## Your instructions
Given the material below, return only the lines starting at the line with "Britští Commandos se" and ending at the line with "Leatherworking tools and", exactly as they appear.
━━━━━━━━━━━━━━━━━━━━━━━━━━━━━━
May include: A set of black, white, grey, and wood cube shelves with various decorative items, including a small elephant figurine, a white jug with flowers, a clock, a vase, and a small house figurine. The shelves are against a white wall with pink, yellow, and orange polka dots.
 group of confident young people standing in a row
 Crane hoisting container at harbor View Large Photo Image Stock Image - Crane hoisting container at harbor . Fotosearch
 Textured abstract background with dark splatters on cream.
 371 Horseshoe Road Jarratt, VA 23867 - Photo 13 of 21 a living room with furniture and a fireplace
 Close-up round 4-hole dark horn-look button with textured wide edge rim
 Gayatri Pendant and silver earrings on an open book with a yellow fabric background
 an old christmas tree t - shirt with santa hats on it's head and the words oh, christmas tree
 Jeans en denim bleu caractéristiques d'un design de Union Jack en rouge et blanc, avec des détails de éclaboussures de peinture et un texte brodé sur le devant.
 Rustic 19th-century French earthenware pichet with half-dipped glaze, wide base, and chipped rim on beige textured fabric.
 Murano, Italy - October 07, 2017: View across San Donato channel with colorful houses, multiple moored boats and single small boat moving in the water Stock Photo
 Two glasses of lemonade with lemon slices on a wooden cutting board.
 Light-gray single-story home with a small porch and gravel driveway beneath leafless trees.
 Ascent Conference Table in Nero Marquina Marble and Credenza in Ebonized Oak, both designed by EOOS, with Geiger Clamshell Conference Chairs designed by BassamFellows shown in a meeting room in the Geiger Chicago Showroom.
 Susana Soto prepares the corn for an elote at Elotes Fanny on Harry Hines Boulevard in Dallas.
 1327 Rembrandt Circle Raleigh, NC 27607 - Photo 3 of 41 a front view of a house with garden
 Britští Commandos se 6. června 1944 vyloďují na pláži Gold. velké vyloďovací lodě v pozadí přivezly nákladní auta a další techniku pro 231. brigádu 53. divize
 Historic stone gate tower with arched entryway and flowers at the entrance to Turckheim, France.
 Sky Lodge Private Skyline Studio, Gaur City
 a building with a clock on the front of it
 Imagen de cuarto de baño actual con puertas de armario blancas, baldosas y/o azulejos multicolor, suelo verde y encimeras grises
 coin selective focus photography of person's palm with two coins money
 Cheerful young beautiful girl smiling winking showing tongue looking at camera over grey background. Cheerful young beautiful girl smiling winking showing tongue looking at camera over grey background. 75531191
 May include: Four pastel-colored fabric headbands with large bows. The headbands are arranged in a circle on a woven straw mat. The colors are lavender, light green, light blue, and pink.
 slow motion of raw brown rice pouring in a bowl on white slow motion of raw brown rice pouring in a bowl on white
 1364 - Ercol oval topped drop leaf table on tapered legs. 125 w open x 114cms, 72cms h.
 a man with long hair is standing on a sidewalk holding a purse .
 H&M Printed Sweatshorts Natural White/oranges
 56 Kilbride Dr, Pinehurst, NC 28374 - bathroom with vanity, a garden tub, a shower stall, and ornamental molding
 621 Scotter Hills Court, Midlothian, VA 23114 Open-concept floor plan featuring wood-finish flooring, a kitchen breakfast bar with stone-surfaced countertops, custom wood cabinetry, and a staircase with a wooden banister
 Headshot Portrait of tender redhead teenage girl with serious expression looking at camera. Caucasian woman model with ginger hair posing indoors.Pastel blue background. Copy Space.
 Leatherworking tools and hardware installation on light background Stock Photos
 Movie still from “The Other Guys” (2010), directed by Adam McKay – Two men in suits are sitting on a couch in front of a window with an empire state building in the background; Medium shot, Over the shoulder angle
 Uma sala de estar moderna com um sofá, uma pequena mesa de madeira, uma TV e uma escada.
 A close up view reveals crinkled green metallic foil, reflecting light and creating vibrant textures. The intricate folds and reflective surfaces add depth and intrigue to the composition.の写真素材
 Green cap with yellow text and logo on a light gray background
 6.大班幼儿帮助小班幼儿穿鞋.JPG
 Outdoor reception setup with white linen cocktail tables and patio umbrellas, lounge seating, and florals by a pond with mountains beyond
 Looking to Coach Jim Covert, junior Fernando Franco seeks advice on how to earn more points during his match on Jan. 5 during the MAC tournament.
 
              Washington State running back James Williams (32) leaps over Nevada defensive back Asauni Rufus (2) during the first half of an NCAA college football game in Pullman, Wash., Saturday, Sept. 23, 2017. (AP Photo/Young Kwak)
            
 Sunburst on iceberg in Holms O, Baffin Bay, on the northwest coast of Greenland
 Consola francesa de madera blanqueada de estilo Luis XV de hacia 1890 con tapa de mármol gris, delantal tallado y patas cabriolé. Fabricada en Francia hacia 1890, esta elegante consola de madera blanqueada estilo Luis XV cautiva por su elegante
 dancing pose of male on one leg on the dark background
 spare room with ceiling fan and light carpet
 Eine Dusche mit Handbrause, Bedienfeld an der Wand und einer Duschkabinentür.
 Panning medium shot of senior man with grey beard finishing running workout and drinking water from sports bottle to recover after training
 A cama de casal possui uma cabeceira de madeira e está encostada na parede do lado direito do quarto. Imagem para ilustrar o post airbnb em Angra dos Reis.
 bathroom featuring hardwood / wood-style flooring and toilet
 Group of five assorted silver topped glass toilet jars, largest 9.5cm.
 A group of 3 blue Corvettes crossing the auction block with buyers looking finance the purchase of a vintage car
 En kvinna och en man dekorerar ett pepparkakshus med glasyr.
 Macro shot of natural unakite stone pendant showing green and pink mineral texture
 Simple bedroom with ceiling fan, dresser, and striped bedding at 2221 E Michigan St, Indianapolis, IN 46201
━━━━━━━━━━━━━━━━━━━━━━━━━━━━━━
## Written response
 Britští Commandos se 6. června 1944 vyloďují na pláži Gold. velké vyloďovací lodě v pozadí přivezly nákladní auta a další techniku pro 231. brigádu 53. divize
 Historic stone gate tower with arched entryway and flowers at the entrance to Turckheim, France.
 Sky Lodge Private Skyline Studio, Gaur City
 a building with a clock on the front of it
 Imagen de cuarto de baño actual con puertas de armario blancas, baldosas y/o azulejos multicolor, suelo verde y encimeras grises
 coin selective focus photography of person's palm with two coins money
 Cheerful young beautiful girl smiling winking showing tongue looking at camera over grey background. Cheerful young beautiful girl smiling winking showing tongue looking at camera over grey background. 75531191
 May include: Four pastel-colored fabric headbands with large bows. The headbands are arranged in a circle on a woven straw mat. The colors are lavender, light green, light blue, and pink.
 slow motion of raw brown rice pouring in a bowl on white slow motion of raw brown rice pouring in a bowl on white
 1364 - Ercol oval topped drop leaf table on tapered legs. 125 w open x 114cms, 72cms h.
 a man with long hair is standing on a sidewalk holding a purse .
 H&M Printed Sweatshorts Natural White/oranges
 56 Kilbride Dr, Pinehurst, NC 28374 - bathroom with vanity, a garden tub, a shower stall, and ornamental molding
 621 Scotter Hills Court, Midlothian, VA 23114 Open-concept floor plan featuring wood-finish flooring, a kitchen breakfast bar with stone-surfaced countertops, custom wood cabinetry, and a staircase with a wooden banister
 Headshot Portrait of tender redhead teenage girl with serious expression looking at camera. Caucasian woman model with ginger hair posing indoors.Pastel blue background. Copy Space.
 Leatherworking tools and hardware installation on light background Stock Photos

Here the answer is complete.